Wayne Kemp (June 11, 1940 – March 9, 2015) was an American country music singer/songwriter. He recorded between 1964 and 1986 for JAB Records, Decca, MCA, United Artists, Mercury and Door Knob Records, and charted twenty-four singles on the Hot Country Songs charts. His highest-peaking single was "Honky Tonk Wine," which peaked at No. 17 in 1973. The song is included on his second studio album, Kentucky Sunshine, which reached No. 25 on Top Country Albums.

Kemp was born, one of nine children, to a musical family in Greenwood, Arkansas.

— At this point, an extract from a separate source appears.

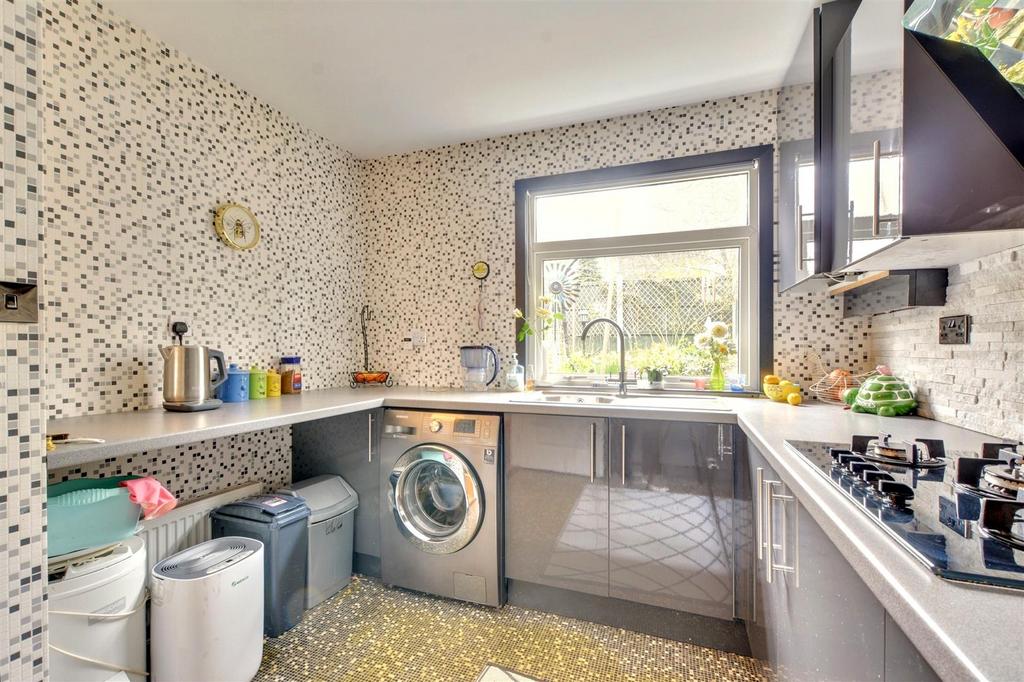 Kitchen 2.jpeg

His parents played several instruments and encouraged their children to sing and harmonize together. When Wayne was six, the family moved to Muldrow, Oklahoma, and soon he was performing in church and at local events. By the age of 16, he was writing songs and playing guitar professionally with Tulsa country star Benny Ketchum.

Kemp's first break came in 1965, when a friend passed his demo tape to George Jones. The singer liked the guitar playing and two of Kemp's songs, "Love Bug"  and "I Made Her That Way," and recorded them. Soon, Kemp found himself in Nashville, recording with Jones and making his own solo record.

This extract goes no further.